A new road surface on Isabella Point Road may not look different to drivers once completed, but the below-asphalt improvements will be significant and will help keep that section of road protected during future flood events.
“The real work is going to be underneath the pavement, where all the reinforcing has been done for the road base,” said Emcon South Island division operations manager Andrew Gaetz last week. “There’s quite a number of different engineering components going on there for water drainage.”
Gaetz said the process involves excavating the section of road two metres deep, then building the road base back up with an engineered geotextile, lifts and aggregate to firm support before the road surface is laid. The highly engineered road base technique is one that’s been used recently on several Gulf Islands, according to Gaetz, and has proven successful. It was also the method used on Walker’s Hook Road in 2018 after a large section there washed away.
Roland Road resident Daniel Dickmeyer, who lives above the construction area, said while the work is appreciated, the lack of communication on the project was concerning for residents who use the road daily.
“I just think an overall plan presented in public to the community, for a project this big, would be important,” said Dickmeyer, adding there had been no formal communication to residents about timeframes — or even why the road needed work.
Gaetz said the Isabella Point Road section has been under monitoring since the atmospheric river event this time last year, and that the physical work being done now is the culmination of almost a year’s worth of engineering and studies to provide a more robust — and safer — roadway.
“We saw a kind of a slow-moving slope failure,” said Gaetz, “where the side of the road was actually starting to drop, and the crew taking measurements noticed it starting to sag.”

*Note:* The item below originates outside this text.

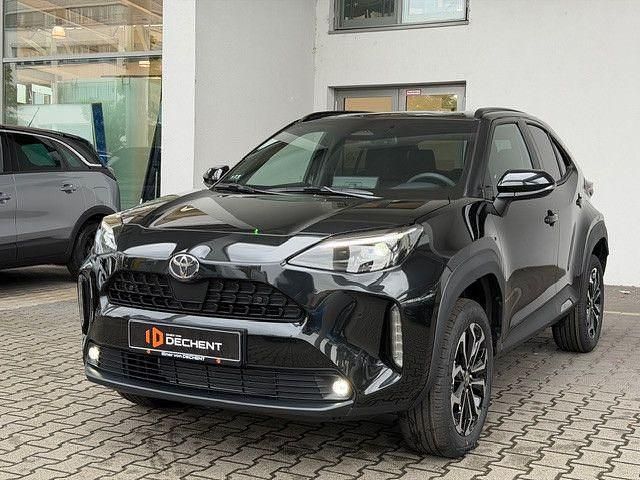 Neu Toyota Yaris Cross 131 PS (96 kW) 2026 Schwarz SUV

Gaetz said the section of roadway is very tight for crews to work in, and the “geography and topography” was one of the bigger challenges, and made the work take longer than it might elsewhere. In addition, maintaining access for the many residents up the road has meant workers needed to keep access open for them.
“If we had an alternate route, we’d just close it, rip up the road, and lay everything in,” said Gaetz. “Instead, we’re working on one lane at a time.”
Dickmeyer said some notice of timeframe would’ve given comfort to residents — and would still be appreciated.
“We’re pretty laid back here on the island,” said Dickmeyer, “and you know, people are more like ‘Well, I hope they get it done in time for Christmas.’ People don’t like to complain. But we’re certainly curious. We don’t want to get in a situation where if we had an emergency, we couldn’t get to town in a hurry.”
Gaetz said while a specific date for completion was difficult to pinpoint, he anticipated crews would be finished by winter’s start.
“The process is pretty lengthy to do while keeping access open,” said Gaetz. “But we want to be finished and out of there before any kind of snow hits.”